Segment Start: Data to use

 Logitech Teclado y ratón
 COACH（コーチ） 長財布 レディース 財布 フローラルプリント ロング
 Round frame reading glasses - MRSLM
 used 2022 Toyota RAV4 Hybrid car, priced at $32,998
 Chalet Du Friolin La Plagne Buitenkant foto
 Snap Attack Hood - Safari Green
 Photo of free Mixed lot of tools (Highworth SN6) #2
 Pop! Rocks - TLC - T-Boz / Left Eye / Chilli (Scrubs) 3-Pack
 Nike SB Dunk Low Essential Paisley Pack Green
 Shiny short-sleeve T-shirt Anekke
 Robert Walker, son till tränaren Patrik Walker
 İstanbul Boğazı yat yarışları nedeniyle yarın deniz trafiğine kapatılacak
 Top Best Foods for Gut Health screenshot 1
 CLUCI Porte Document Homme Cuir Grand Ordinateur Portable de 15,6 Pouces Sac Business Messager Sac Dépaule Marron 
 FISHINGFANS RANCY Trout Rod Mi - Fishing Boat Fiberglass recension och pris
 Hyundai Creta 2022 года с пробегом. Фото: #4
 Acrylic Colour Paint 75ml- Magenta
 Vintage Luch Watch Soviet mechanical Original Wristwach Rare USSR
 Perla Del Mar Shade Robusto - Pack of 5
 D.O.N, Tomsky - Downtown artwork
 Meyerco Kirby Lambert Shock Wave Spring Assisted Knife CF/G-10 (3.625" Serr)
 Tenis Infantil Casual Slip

Segment End: Data to use

### What is needed
Retype each line above, keeping every character.

### Response to the exercise
 Logitech Teclado y ratón
 COACH（コーチ） 長財布 レディース 財布 フローラルプリント ロング
 Round frame reading glasses - MRSLM
 used 2022 Toyota RAV4 Hybrid car, priced at $32,998
 Chalet Du Friolin La Plagne Buitenkant foto
 Snap Attack Hood - Safari Green
 Photo of free Mixed lot of tools (Highworth SN6) #2
 Pop! Rocks - TLC - T-Boz / Left Eye / Chilli (Scrubs) 3-Pack
 Nike SB Dunk Low Essential Paisley Pack Green
 Shiny short-sleeve T-shirt Anekke
 Robert Walker, son till tränaren Patrik Walker
 İstanbul Boğazı yat yarışları nedeniyle yarın deniz trafiğine kapatılacak
 Top Best Foods for Gut Health screenshot 1
 CLUCI Porte Document Homme Cuir Grand Ordinateur Portable de 15,6 Pouces Sac Business Messager Sac Dépaule Marron 
 FISHINGFANS RANCY Trout Rod Mi - Fishing Boat Fiberglass recension och pris
 Hyundai Creta 2022 года с пробегом. Фото: #4
 Acrylic Colour Paint 75ml- Magenta
 Vintage Luch Watch Soviet mechanical Original Wristwach Rare USSR
 Perla Del Mar Shade Robusto - Pack of 5
 D.O.N, Tomsky - Downtown artwork
 Meyerco Kirby Lambert Shock Wave Spring Assisted Knife CF/G-10 (3.625" Serr)
 Tenis Infantil Casual Slip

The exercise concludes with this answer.